Assignment: Write out every record below exactly, so that nothing differs from what is shown.

Records for the exercise:

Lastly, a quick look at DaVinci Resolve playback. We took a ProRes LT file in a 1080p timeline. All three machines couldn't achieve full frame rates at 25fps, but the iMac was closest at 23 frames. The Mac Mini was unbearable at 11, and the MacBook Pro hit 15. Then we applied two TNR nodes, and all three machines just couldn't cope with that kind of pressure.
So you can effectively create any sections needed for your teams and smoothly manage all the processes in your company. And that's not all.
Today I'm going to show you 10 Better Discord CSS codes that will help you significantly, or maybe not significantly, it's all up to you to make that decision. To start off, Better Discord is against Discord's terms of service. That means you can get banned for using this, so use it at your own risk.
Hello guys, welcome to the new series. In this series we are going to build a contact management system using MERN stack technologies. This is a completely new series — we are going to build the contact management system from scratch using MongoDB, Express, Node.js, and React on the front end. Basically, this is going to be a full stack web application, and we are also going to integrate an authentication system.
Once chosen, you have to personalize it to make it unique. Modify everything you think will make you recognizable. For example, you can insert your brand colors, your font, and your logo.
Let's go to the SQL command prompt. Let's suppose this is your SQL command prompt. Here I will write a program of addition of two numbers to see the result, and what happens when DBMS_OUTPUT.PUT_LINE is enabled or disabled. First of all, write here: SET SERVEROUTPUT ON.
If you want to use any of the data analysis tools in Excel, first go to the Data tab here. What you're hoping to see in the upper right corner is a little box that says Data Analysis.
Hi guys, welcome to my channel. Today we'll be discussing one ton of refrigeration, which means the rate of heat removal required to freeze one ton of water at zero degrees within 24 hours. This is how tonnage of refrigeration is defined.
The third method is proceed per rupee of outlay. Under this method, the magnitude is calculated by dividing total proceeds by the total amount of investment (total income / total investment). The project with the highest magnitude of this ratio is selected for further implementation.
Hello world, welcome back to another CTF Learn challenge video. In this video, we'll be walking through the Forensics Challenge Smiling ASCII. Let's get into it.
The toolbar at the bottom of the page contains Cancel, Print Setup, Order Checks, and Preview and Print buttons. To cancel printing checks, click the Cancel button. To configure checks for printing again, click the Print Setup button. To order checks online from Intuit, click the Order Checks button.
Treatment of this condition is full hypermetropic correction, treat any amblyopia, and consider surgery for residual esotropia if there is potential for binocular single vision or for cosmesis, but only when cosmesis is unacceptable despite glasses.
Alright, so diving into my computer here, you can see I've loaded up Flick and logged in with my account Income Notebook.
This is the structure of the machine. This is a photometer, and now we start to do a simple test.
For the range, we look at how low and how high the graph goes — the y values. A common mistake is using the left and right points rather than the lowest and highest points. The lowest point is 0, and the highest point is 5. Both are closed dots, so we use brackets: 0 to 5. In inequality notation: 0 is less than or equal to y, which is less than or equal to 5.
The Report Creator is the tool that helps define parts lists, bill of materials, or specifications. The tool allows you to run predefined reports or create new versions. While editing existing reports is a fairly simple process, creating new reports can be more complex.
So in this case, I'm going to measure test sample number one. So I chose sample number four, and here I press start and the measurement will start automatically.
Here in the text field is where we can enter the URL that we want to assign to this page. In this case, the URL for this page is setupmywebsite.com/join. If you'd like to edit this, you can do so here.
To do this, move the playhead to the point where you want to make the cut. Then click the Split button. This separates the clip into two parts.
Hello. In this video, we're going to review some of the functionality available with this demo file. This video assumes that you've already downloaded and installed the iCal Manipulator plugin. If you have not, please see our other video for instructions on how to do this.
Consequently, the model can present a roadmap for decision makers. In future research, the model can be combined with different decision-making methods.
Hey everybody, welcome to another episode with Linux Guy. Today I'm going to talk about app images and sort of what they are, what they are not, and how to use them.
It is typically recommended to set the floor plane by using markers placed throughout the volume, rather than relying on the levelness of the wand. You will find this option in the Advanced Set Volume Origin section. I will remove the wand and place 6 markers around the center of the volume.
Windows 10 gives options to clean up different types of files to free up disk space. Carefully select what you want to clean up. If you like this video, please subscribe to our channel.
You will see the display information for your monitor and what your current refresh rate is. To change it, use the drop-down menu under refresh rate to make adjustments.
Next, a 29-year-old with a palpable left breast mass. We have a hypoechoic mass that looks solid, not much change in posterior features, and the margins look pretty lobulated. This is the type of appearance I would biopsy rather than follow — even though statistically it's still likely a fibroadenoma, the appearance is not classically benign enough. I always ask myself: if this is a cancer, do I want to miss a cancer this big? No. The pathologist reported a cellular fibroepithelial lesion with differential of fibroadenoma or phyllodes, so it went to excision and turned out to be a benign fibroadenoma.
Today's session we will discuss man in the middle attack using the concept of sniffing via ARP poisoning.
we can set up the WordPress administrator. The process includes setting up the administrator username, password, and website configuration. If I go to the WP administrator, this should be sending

Output of the task:
Lastly, a quick look at DaVinci Resolve playback. We took a ProRes LT file in a 1080p timeline. All three machines couldn't achieve full frame rates at 25fps, but the iMac was closest at 23 frames. The Mac Mini was unbearable at 11, and the MacBook Pro hit 15. Then we applied two TNR nodes, and all three machines just couldn't cope with that kind of pressure.
So you can effectively create any sections needed for your teams and smoothly manage all the processes in your company. And that's not all.
Today I'm going to show you 10 Better Discord CSS codes that will help you significantly, or maybe not significantly, it's all up to you to make that decision. To start off, Better Discord is against Discord's terms of service. That means you can get banned for using this, so use it at your own risk.
Hello guys, welcome to the new series. In this series we are going to build a contact management system using MERN stack technologies. This is a completely new series — we are going to build the contact management system from scratch using MongoDB, Express, Node.js, and React on the front end. Basically, this is going to be a full stack web application, and we are also going to integrate an authentication system.
Once chosen, you have to personalize it to make it unique. Modify everything you think will make you recognizable. For example, you can insert your brand colors, your font, and your logo.
Let's go to the SQL command prompt. Let's suppose this is your SQL command prompt. Here I will write a program of addition of two numbers to see the result, and what happens when DBMS_OUTPUT.PUT_LINE is enabled or disabled. First of all, write here: SET SERVEROUTPUT ON.
If you want to use any of the data analysis tools in Excel, first go to the Data tab here. What you're hoping to see in the upper right corner is a little box that says Data Analysis.
Hi guys, welcome to my channel. Today we'll be discussing one ton of refrigeration, which means the rate of heat removal required to freeze one ton of water at zero degrees within 24 hours. This is how tonnage of refrigeration is defined.
The third method is proceed per rupee of outlay. Under this method, the magnitude is calculated by dividing total proceeds by the total amount of investment (total income / total investment). The project with the highest magnitude of this ratio is selected for further implementation.
Hello world, welcome back to another CTF Learn challenge video. In this video, we'll be walking through the Forensics Challenge Smiling ASCII. Let's get into it.
The toolbar at the bottom of the page contains Cancel, Print Setup, Order Checks, and Preview and Print buttons. To cancel printing checks, click the Cancel button. To configure checks for printing again, click the Print Setup button. To order checks online from Intuit, click the Order Checks button.
Treatment of this condition is full hypermetropic correction, treat any amblyopia, and consider surgery for residual esotropia if there is potential for binocular single vision or for cosmesis, but only when cosmesis is unacceptable despite glasses.
Alright, so diving into my computer here, you can see I've loaded up Flick and logged in with my account Income Notebook.
This is the structure of the machine. This is a photometer, and now we start to do a simple test.
For the range, we look at how low and how high the graph goes — the y values. A common mistake is using the left and right points rather than the lowest and highest points. The lowest point is 0, and the highest point is 5. Both are closed dots, so we use brackets: 0 to 5. In inequality notation: 0 is less than or equal to y, which is less than or equal to 5.
The Report Creator is the tool that helps define parts lists, bill of materials, or specifications. The tool allows you to run predefined reports or create new versions. While editing existing reports is a fairly simple process, creating new reports can be more complex.
So in this case, I'm going to measure test sample number one. So I chose sample number four, and here I press start and the measurement will start automatically.
Here in the text field is where we can enter the URL that we want to assign to this page. In this case, the URL for this page is setupmywebsite.com/join. If you'd like to edit this, you can do so here.
To do this, move the playhead to the point where you want to make the cut. Then click the Split button. This separates the clip into two parts.
Hello. In this video, we're going to review some of the functionality available with this demo file. This video assumes that you've already downloaded and installed the iCal Manipulator plugin. If you have not, please see our other video for instructions on how to do this.
Consequently, the model can present a roadmap for decision makers. In future research, the model can be combined with different decision-making methods.
Hey everybody, welcome to another episode with Linux Guy. Today I'm going to talk about app images and sort of what they are, what they are not, and how to use them.
It is typically recommended to set the floor plane by using markers placed throughout the volume, rather than relying on the levelness of the wand. You will find this option in the Advanced Set Volume Origin section. I will remove the wand and place 6 markers around the center of the volume.
Windows 10 gives options to clean up different types of files to free up disk space. Carefully select what you want to clean up. If you like this video, please subscribe to our channel.
You will see the display information for your monitor and what your current refresh rate is. To change it, use the drop-down menu under refresh rate to make adjustments.
Next, a 29-year-old with a palpable left breast mass. We have a hypoechoic mass that looks solid, not much change in posterior features, and the margins look pretty lobulated. This is the type of appearance I would biopsy rather than follow — even though statistically it's still likely a fibroadenoma, the appearance is not classically benign enough. I always ask myself: if this is a cancer, do I want to miss a cancer this big? No. The pathologist reported a cellular fibroepithelial lesion with differential of fibroadenoma or phyllodes, so it went to excision and turned out to be a benign fibroadenoma.
Today's session we will discuss man in the middle attack using the concept of sniffing via ARP poisoning.
we can set up the WordPress administrator. The process includes setting up the administrator username, password, and website configuration. If I go to the WP administrator, this should be sending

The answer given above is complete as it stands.